■ GIVEN INFORMATION
........

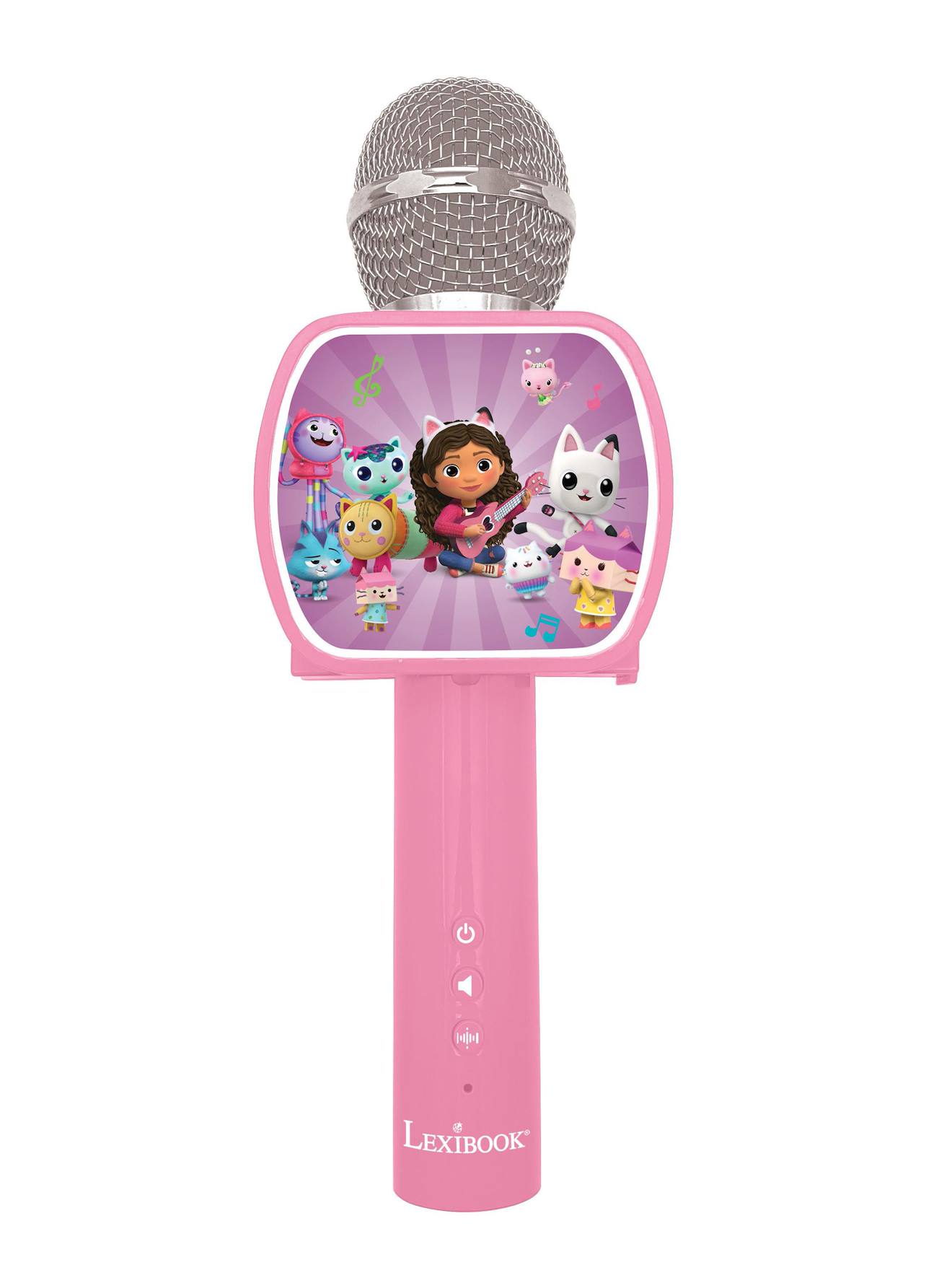 Micro Karaoké Sans Fil Gabby Avec Enceinte Bluetooth Multicolore
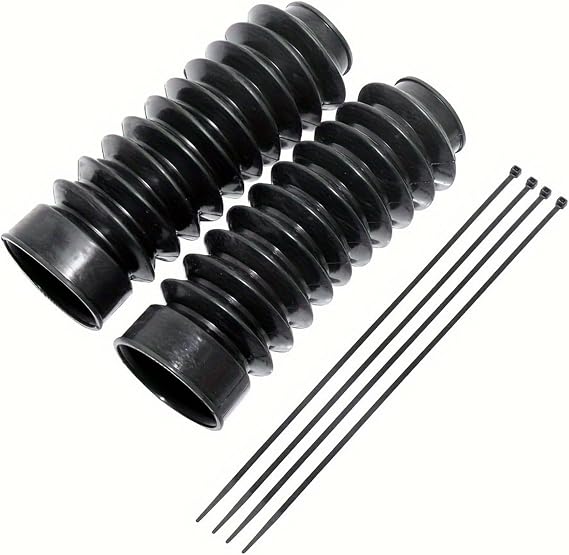 49mm Front Fork Rubber Gaiters Boots Shock Absorber Dust Cover for Harley Dyna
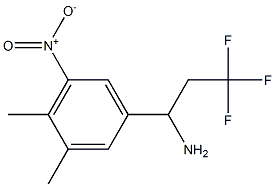 1-(3,4-dimethyl-5-nitrophenyl)-3,3,3-trifluoropropan-1-amine Structure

........

■ DIRECTIONS FOR THIS TASK
Word for word, restate the material above; do not carry over the pictures.

■ OUTPUT
 Micro Karaoké Sans Fil Gabby Avec Enceinte Bluetooth Multicolore
 49mm Front Fork Rubber Gaiters Boots Shock Absorber Dust Cover for Harley Dyna
 1-(3,4-dimethyl-5-nitrophenyl)-3,3,3-trifluoropropan-1-amine Structure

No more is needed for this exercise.